Engineered I-Joist Lead Times in NZ — May 2026 Weekly Tracker
- sp8002
- May 30
- 8 min read
Current NZ engineered I-joist, LVL beam, glulam and boxed-beam lead times for May 2026 — Auckland metro and regional. What to put in your PO so you get a real date, not "soon."
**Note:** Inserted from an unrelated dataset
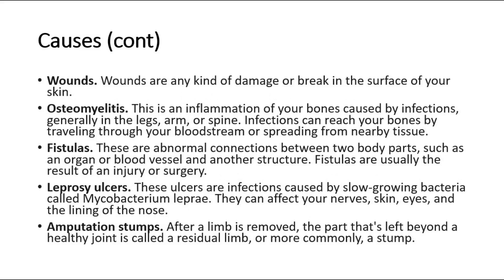Wounds are any kind of damage or break in the surface of your skin. Osteomyelitis is an inflammation of your bones caused by infections, generally in the legs, arm, or spine. Infections can reach your bones by traveling through your bloodstream or spreading from nearby tissue. Fistulas are abnormal connections between two body parts, such as an organ or blood vessel and another structure.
By Steve Parker · Trueworks · NZ construction estimation · 8 min
Engineered I-Joist Lead Times in NZ — May 2026 Weekly Tracker
Updated May 2026. As of week beginning 26 May 2026, engineered LVL I-joists for NZ residential and light-commercial work are at 3–7 week lead times Auckland metro and 4–9 weeks regional, with single-source supply, joint sourcing through a roof truss plant, or non-standard depths each adding 1–3 weeks. Lead times are tracked weekly against AS/NZS 4063.1:2010 (in-grade structural timber product certification) and NZS 3604:2011 §8 sizing tables, the two documents that define what a supplier can actually quote against.
Quick answer
For week of 26 May 2026: engineered LVL I-joists are 3–7 weeks Auckland metro / 4–9 weeks regional. Boxed beams (built-up LVL) are 2–5 weeks. Glulam beams are 5–9 weeks (kiln slot is the gate). LVL flitch beams are 3–6 weeks. Sub-200 lineal-metre orders sit at the lower bound; orders over 600 lineal metres push to the upper bound. Non-stocked depths (>360 mm engineered I-joist, >500 mm glulam) add 2–4 weeks regardless of order size.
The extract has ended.